In deepest need, in anguish sighing,
I cry to Thee, to Thee alone;
Were I to other help applying,
Vain were each prayer, each suppliant groan.
My plaints, O Lord, ascend to Thee,
Oh graciously give ear to me.”

GLIMPSES OF BOHEMIA.

CHAPTER I.

THE BOHEMIANS AND THEIR PAST.

BOHEMIA, as shown on the modern maps, usually includes only the territory forming the present Austrian province of that name, but I take the name as including the Austrian provinces of Moravia and Silesia, which also belonged to the Bohemian Crown. Lusatia and Prussian Silesia having now been fully Germanised, need not longer be kept in view, although they too were Bohemian 250 years ago. The Bohemians, or Czechs, are, as is well known, a Slavonic race, although perhaps not without an admixture of the Celtic blood. Their language is so closely allied to Russian and Polish, that educated Bohemians have no difficulty in making themselves understood in these tongues. Bounded as Bohemia is on the north by Saxony, on the west by Bavaria, and on the south by the Duchy of Austria, all German countries, and governed by the House of Hapsburg for more than three centuries and a-half, it is not surprising to find a large German element in the population.
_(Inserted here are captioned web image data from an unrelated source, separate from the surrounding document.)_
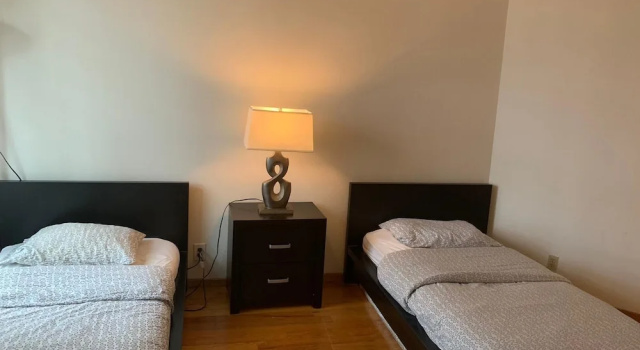 Los Angeles Cozy Westwood Apartments Near Ucla, Забронировать Апартаменты/квартира Вествуд 
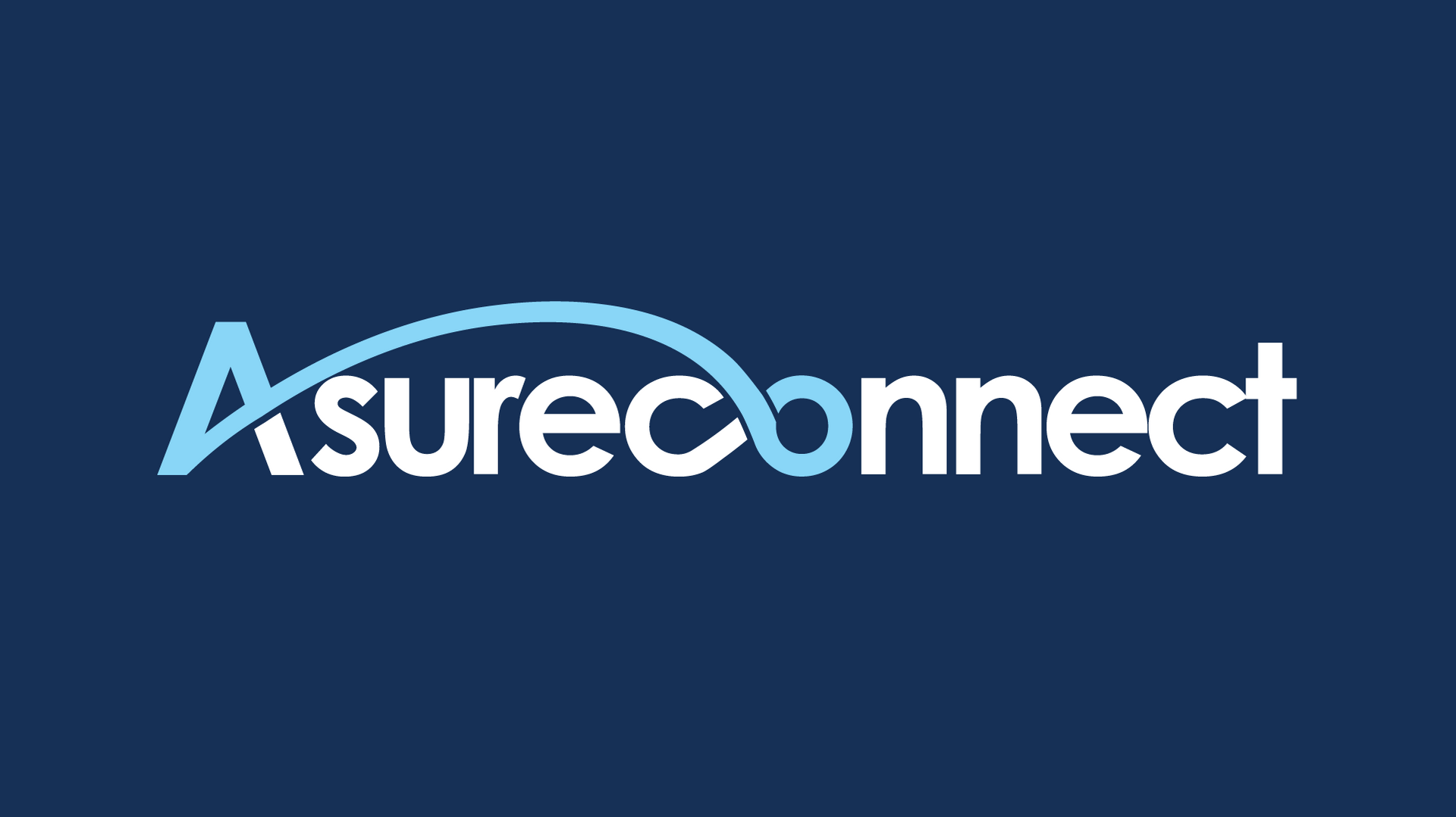 Click the Image to Learn more Blue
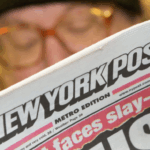 New York Post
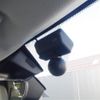 rover discovery 2018 -ROVER--Discovery ABA-LR3VA--SALRA2AV9HA007554---ROVER--Discovery ABA-LR3VA--SALRA2AV9HA007554- image 24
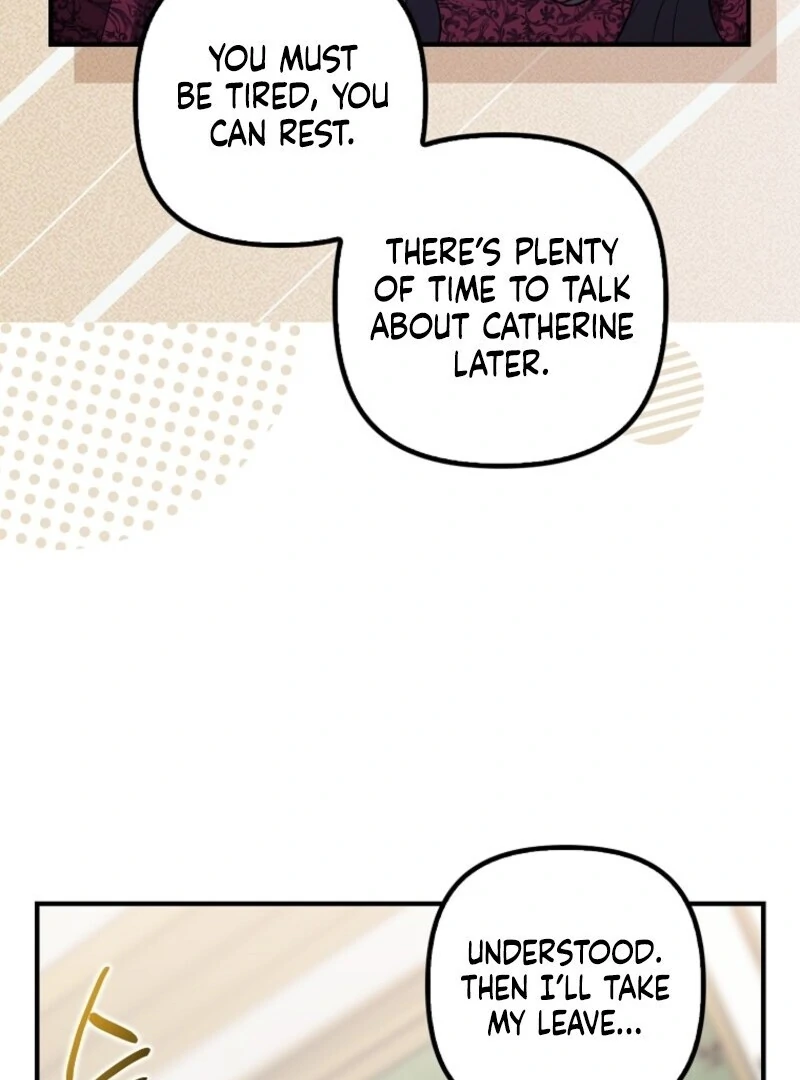 The Abandoned Bachelorette Enjoys Her Simple Life Chapter 88 - Page 130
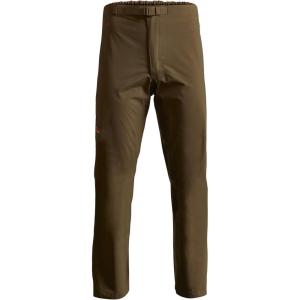 SITKA Gear Men’s Dew Point Hunting Pant(Pyrite)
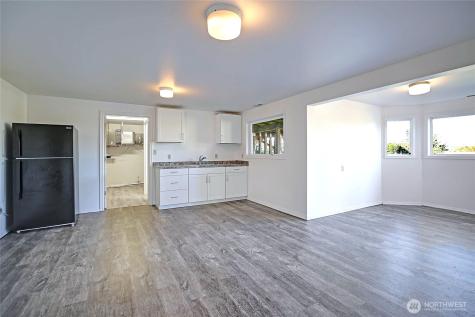 366 Samanthia Lane Camano Island WA 98282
In the north-west and in the south German is generally spoken, but in many districts you will have difficulty in finding anyone who can understand that language. The towns are, however, all bilingual.

Bohemia (the province), with an area about three-fourths of that of Scotland, has a population of over 5,000,000, while Moravia and Silesia, with an area of one-third of Scotland, have a population of 2,500,000.

The Bohemians are said to have settled in Bohemia in the fifth century, but their authentic history begins in the ninth century, when they embraced Christianity under the preaching of Cyril and Methodius, priests of the Greek Church, and true evangelists. Although Methodius was afterwards recognised by the Roman Pontiff as Archbishop of Moravia, the Church which he and his brother founded was never completely Romanised. Even in Methodius’s own life the struggle with Rome commenced, and it was with difficulty that he maintained the right of the people to have worship conducted in the vernacular tongue; but it was only after centuries, and by the sword, that the use of Latin was ultimately enforced on the Bohemian Church.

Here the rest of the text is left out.